→ Data for review
* * * * *

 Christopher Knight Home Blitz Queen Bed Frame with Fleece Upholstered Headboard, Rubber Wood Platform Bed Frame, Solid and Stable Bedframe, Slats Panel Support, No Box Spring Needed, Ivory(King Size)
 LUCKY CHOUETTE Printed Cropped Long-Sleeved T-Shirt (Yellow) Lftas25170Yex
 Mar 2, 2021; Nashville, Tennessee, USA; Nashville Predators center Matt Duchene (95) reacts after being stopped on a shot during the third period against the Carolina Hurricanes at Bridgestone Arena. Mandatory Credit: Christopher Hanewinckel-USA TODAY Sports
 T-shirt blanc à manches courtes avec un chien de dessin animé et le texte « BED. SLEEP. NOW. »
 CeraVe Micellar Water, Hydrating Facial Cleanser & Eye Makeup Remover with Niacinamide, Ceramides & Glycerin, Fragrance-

* * * * *

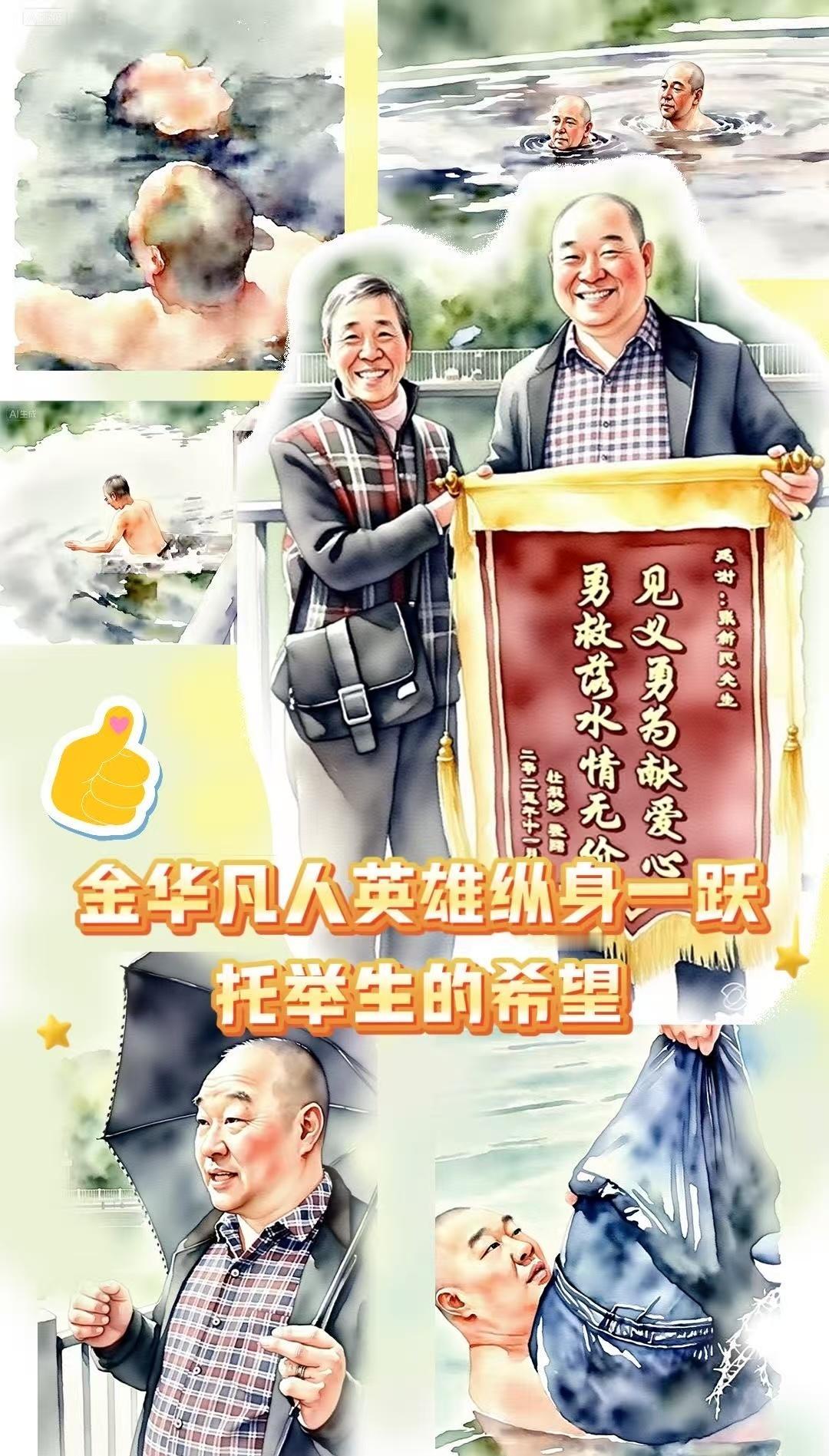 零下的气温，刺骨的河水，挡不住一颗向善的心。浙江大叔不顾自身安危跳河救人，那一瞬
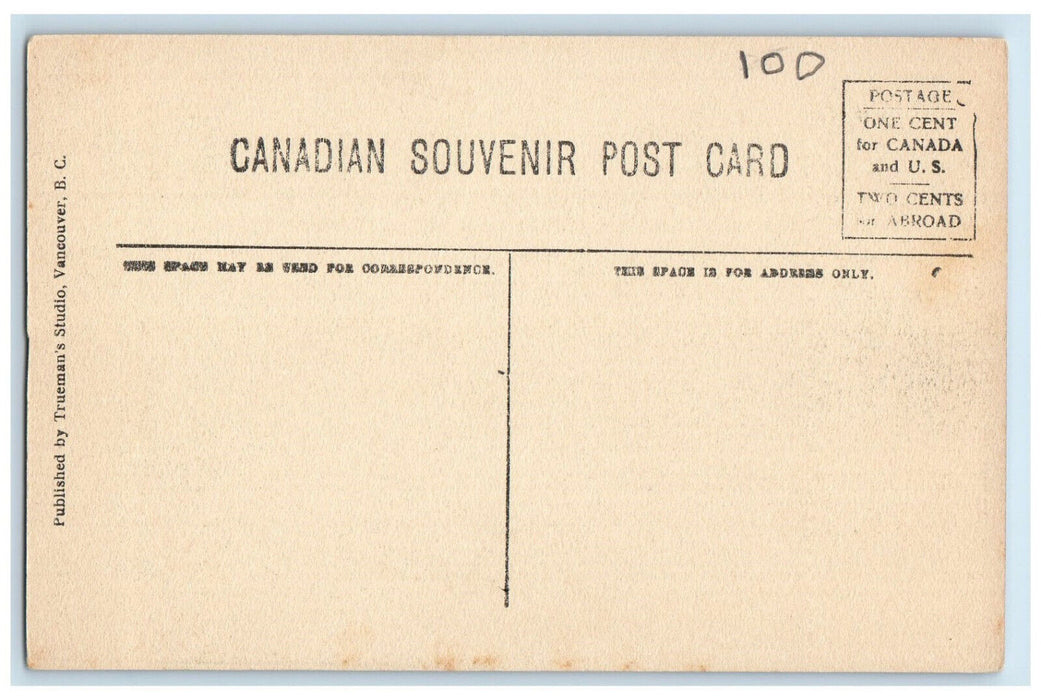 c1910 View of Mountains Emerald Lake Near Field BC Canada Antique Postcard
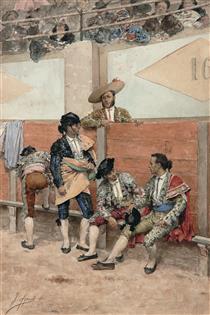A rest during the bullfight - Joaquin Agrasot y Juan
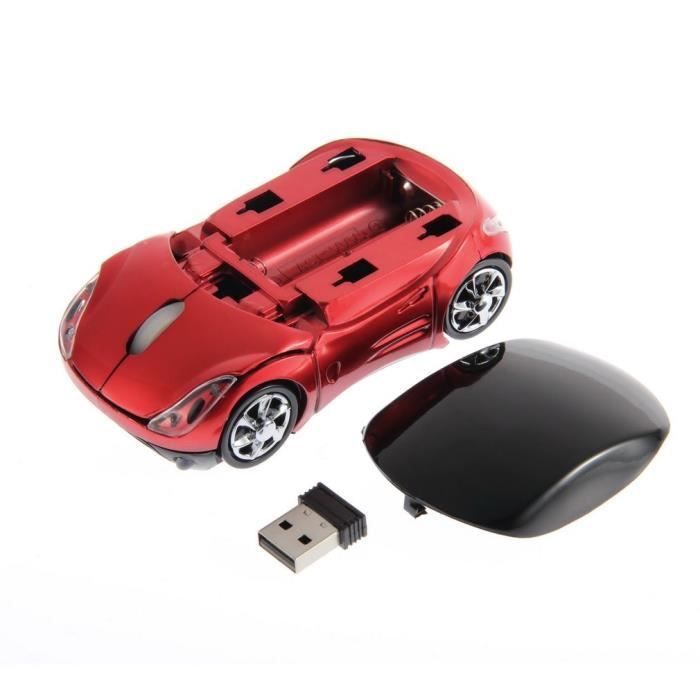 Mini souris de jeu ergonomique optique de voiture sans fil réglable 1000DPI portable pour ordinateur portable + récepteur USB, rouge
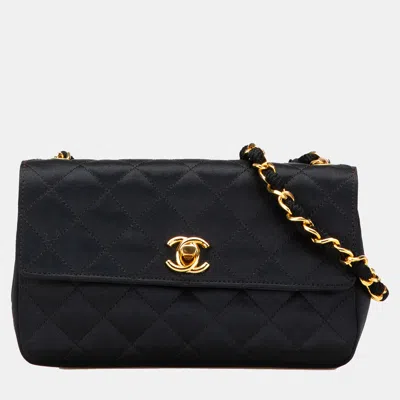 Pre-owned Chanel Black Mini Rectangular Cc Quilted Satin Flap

* * * * *

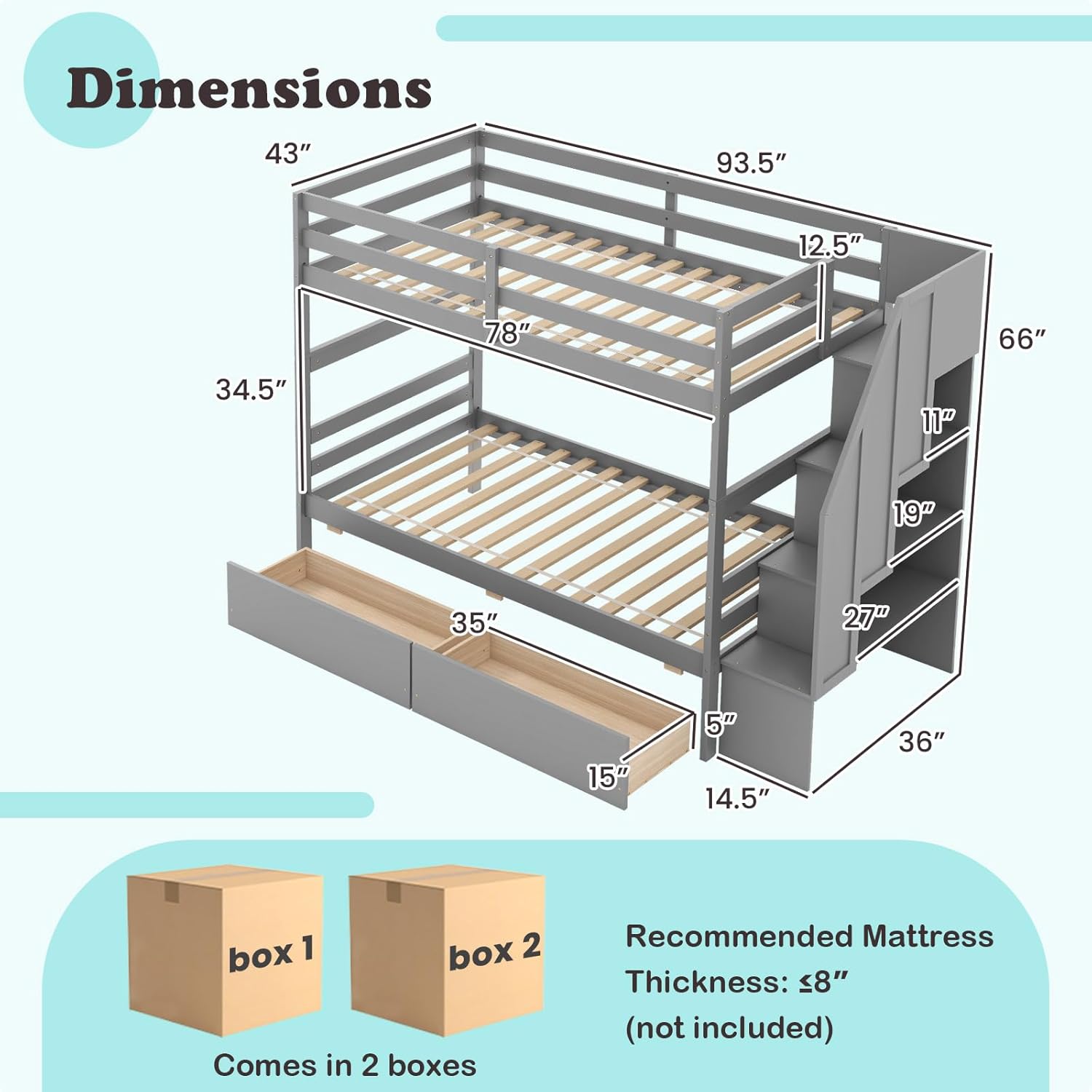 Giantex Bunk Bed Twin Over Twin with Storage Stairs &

* * * * *

Copy here each line of the preceding records with "Christopher" in it.

→ Exercise result
 Christopher Knight Home Blitz Queen Bed Frame with Fleece Upholstered Headboard, Rubber Wood Platform Bed Frame, Solid and Stable Bedframe, Slats Panel Support, No Box Spring Needed, Ivory(King Size)
 Mar 2, 2021; Nashville, Tennessee, USA; Nashville Predators center Matt Duchene (95) reacts after being stopped on a shot during the third period against the Carolina Hurricanes at Bridgestone Arena. Mandatory Credit: Christopher Hanewinckel-USA TODAY Sports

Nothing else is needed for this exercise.